Austria-Korea: 120 years

By Wilhelm M. Donko

Austria-Hungary used to be a naval power in the 19th century and ran the 8th biggest maritime force worldwide before the outbreak of the First World War. Since the opening of the Suez-Canal in 1869 many Austro-Hungarian warships had regularly set sail to East Asia.  

The corvette “Zrinyi,” named after a Croatian-Hungarian noble family, was the first Austro-Hungarian navy vessel to visit Korea in 1890. It was launched at the port of Trieste in 1870 and sailed from the naval port of Pola to the Far East under Commander Wladimir von Khittel. From Nov. 21 to Oct. 2 1890, it anchored in Chemulpo.

Short excerpts of the comprehensive authorized account of this first official Austrian visit to Korea are presented in the following:

''The city Chemulpo, in the district Jenchuan (modern spelling Incheon), province Kiung-Kei, situated at the mouth of the Salee-River, extending East of Roze-Island…  Chemulpo lies only 30 sea miles away from the capital Soul and seems to be its harbor… The population of Chemulpo counts around 6,000 inhabitants, 30 of whom are Europeans. Among the latter were three nationals of the Austrian states, namely the owner of the Hotel de Korea, the Galicia-born Isaak Steinbeck, his wife nee Kamerling and her minor sister Hanna.”
 

The Austrian-Hungarian cruiser “Empress Elisabeth” recorded in 1892 right before its departure for East Asia. In October 1983, the cruiser visited Korea for an exchange of the instruments of ratification of the Treaty of Friendship, Trade and Navigation.


On Sept. 24 1890 Commander Khittel decided to undertake a journey to the Royal Capital City of Seoul, accompanied by Lieutenant Commanders Morelli and V. Friedenfels, the Sub-Lieutenant Lengnick as well as a Korean travel marshal and two servants.


Even before reaching Seoul, the Austrians were courteously received by an emissary of the Foreign Minister.  After several hours on horseback, the first official delegation from Austria marveled at the Korean capital Seoul. “On the day after their arrival in Seoul our travelers witnessed a rare and imposing spectacle. There was a final rehearsal of the upcoming funeral of the Queen Mother, who had died two months beforehand. The funeral was to take place on October 14 1890.”

On Sept. 26, the delegation paid their respect to the President of the Foreign Ministry Min Chong-muk. Commander Khittel was immediately asked, if he was authorized to sign a Treaty of Friendship, Commerce and Navigation, which he unfortunately had to deny.  His sole mission was to get an impression of the Kingdom of Korea which he would have to convey to his superior in Vienna.

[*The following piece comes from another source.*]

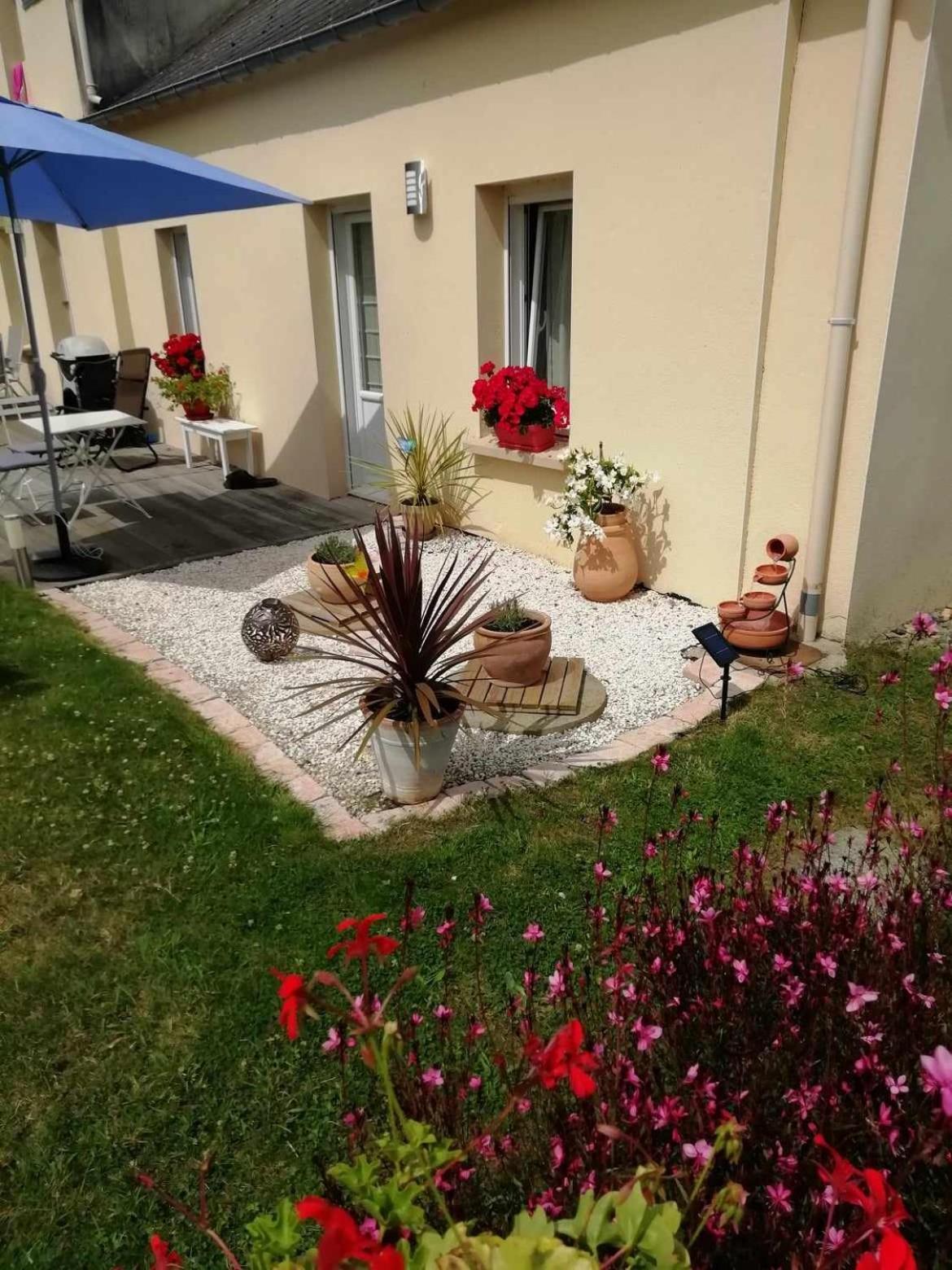 Bed and Breakfast Kerlan Béganne Zewnętrze zdjęcie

However, the Commander promised to inform Vienna about President Min’s earnest wish to establish bilateral relations with Austria-Hungary. Furthermore, Commander Khittel reported that the Foreign Minister was pleased about the fact that Austria-Hungary was situated on the border to the German Reich, with which Korea had already been maintaining good relations. In his reports, the Commander furthermore made the correct political assessment that Korea’s interest in a mutual contract was mainly due to its intention to further preserve the Kingdom’s sovereignty and identity. According to Minister Min, even King Kojong himself would have been willing to receive the Austrian Officer:

“In the course of our meeting, President Min told me that King Kojong of Korea regretted not to have received me in audience. In fact, the strict rules of the court etiquette would not allow him to receive any foreign Ambassadors during the time of court mourning.”

In his report to the Navy Command in Vienna (addressed to the Navy Section in the Imperial and Royal ― k.u.k. ― Ministry of War), Commander Khittel declared Korea’s wish to sign a bilateral Treaty of Friendship, Commerce and Navigation. As in many other cases overseas, the Austro-Hungarian Imperial Navy became the key pioneer of the establishment of diplomatic relations between Austria and Korea.

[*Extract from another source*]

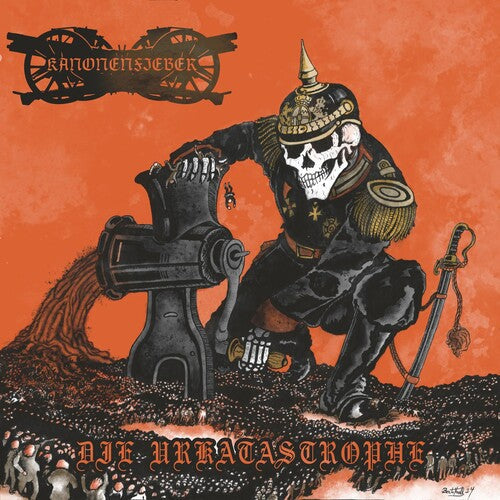 Kanonenfieber: Die Urkatastrophe - VINYL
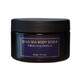 Exfoliante corporal de sal del Mar Muerto y aceite de tabaco y vainilla, 400 g, Dead Sea Pearls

At this time, Austria-Hungary was represented in East Asia by the Austrian Ambassador Rudiger Freiherr von Biegeleben, who was accredited to Japan, China and Siam. On June 23 1892, Ambassador Biegeleben signed the Treaty for Austria-Hungary, which marked the official beginning of bilateral relations between Austria-Hungary and the Kingdom of Korea.

In December of the same year, the cruiser “Empress Elisabeth” led by Captain Alois von Becker set sail for East Asia. From Oct. 3 to Oct. 5 1893, the ship anchored in Chemulpo in order to hand over the Austrian instrument ratifying the treaty and signed by Emperor Franz Joseph. On this occasion, von Becker confirmed the exchange of ratified documents with Korean Foreign Minister Nam Chong-chol and after that continued his voyage to Hong Kong.

While the Austrian copy of the treaty can still be found in the Austrian State Archive in Vienna, the Korean document was lost during the Korean War.

In the following years, other Austrian-Hungarian navy vessels visited Korea. The largest among them was the armored cruiser, ''Empress and Queen Maria Theresia.’’ It arrived in 1901 with rear admiral Rudolf Graf Montecuccoli and Georg von Trapp (later Captain von Trapp from the famous movie “The Sound of Music”) on board who had been sent to East Asia in the course of the Boxer Rebellion in China.  First visits by Korean ambassadors to Vienna were recorded in the years 1900 and 1901. However, it was not until 1967 that the first embassy of the later Republic of Korea was inaugurated in Vienna followed by the establishment of a resident Austrian embassy in Seoul in 1985.

Wilhelm M. Donko, born in 1960, was Austrian ambassador to the Republic of Korea from 2005-2009. He wrote numerous articles and books on the subject of maritime history.